▶ Work instruction: Write out the listing beneath this instruction in its entirety, exactly as it reads.

● ● ● ●

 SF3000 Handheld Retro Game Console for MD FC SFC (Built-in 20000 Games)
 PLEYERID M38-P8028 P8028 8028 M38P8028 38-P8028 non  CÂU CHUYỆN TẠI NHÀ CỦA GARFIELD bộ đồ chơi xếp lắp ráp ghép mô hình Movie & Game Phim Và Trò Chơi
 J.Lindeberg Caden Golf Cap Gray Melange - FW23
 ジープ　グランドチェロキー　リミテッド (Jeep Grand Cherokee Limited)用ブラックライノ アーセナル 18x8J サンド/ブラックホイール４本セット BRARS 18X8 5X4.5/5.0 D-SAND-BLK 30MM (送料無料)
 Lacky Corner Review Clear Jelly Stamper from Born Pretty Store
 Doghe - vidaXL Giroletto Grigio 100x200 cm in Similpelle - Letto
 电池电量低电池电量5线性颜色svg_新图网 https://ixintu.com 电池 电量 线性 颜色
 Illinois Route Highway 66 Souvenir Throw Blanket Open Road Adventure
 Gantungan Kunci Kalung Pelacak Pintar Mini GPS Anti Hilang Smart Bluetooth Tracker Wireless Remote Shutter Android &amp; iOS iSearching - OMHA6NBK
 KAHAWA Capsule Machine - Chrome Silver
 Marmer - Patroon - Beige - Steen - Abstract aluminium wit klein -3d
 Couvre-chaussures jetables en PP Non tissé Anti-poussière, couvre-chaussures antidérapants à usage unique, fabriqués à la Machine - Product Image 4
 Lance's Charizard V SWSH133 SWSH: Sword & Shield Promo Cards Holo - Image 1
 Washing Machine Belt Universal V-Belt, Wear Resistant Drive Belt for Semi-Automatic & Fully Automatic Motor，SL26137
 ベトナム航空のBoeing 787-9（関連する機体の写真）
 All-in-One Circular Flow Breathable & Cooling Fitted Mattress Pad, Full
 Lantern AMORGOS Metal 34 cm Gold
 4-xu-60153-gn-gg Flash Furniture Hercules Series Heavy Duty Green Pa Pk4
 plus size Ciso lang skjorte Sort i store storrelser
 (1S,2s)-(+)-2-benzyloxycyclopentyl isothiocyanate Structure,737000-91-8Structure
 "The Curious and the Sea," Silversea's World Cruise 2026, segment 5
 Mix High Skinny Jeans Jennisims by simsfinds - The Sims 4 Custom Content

● ● ● ●

▶ Exercise output:
 SF3000 Handheld Retro Game Console for MD FC SFC (Built-in 20000 Games)
 PLEYERID M38-P8028 P8028 8028 M38P8028 38-P8028 non  CÂU CHUYỆN TẠI NHÀ CỦA GARFIELD bộ đồ chơi xếp lắp ráp ghép mô hình Movie & Game Phim Và Trò Chơi
 J.Lindeberg Caden Golf Cap Gray Melange - FW23
 ジープ　グランドチェロキー　リミテッド (Jeep Grand Cherokee Limited)用ブラックライノ アーセナル 18x8J サンド/ブラックホイール４本セット BRARS 18X8 5X4.5/5.0 D-SAND-BLK 30MM (送料無料)
 Lacky Corner Review Clear Jelly Stamper from Born Pretty Store
 Doghe - vidaXL Giroletto Grigio 100x200 cm in Similpelle - Letto
 电池电量低电池电量5线性颜色svg_新图网 https://ixintu.com 电池 电量 线性 颜色
 Illinois Route Highway 66 Souvenir Throw Blanket Open Road Adventure
 Gantungan Kunci Kalung Pelacak Pintar Mini GPS Anti Hilang Smart Bluetooth Tracker Wireless Remote Shutter Android &amp; iOS iSearching - OMHA6NBK
 KAHAWA Capsule Machine - Chrome Silver
 Marmer - Patroon - Beige - Steen - Abstract aluminium wit klein -3d
 Couvre-chaussures jetables en PP Non tissé Anti-poussière, couvre-chaussures antidérapants à usage unique, fabriqués à la Machine - Product Image 4
 Lance's Charizard V SWSH133 SWSH: Sword & Shield Promo Cards Holo - Image 1
 Washing Machine Belt Universal V-Belt, Wear Resistant Drive Belt for Semi-Automatic & Fully Automatic Motor，SL26137
 ベトナム航空のBoeing 787-9（関連する機体の写真）
 All-in-One Circular Flow Breathable & Cooling Fitted Mattress Pad, Full
 Lantern AMORGOS Metal 34 cm Gold
 4-xu-60153-gn-gg Flash Furniture Hercules Series Heavy Duty Green Pa Pk4
 plus size Ciso lang skjorte Sort i store storrelser
 (1S,2s)-(+)-2-benzyloxycyclopentyl isothiocyanate Structure,737000-91-8Structure
 "The Curious and the Sea," Silversea's World Cruise 2026, segment 5
 Mix High Skinny Jeans Jennisims by simsfinds - The Sims 4 Custom Content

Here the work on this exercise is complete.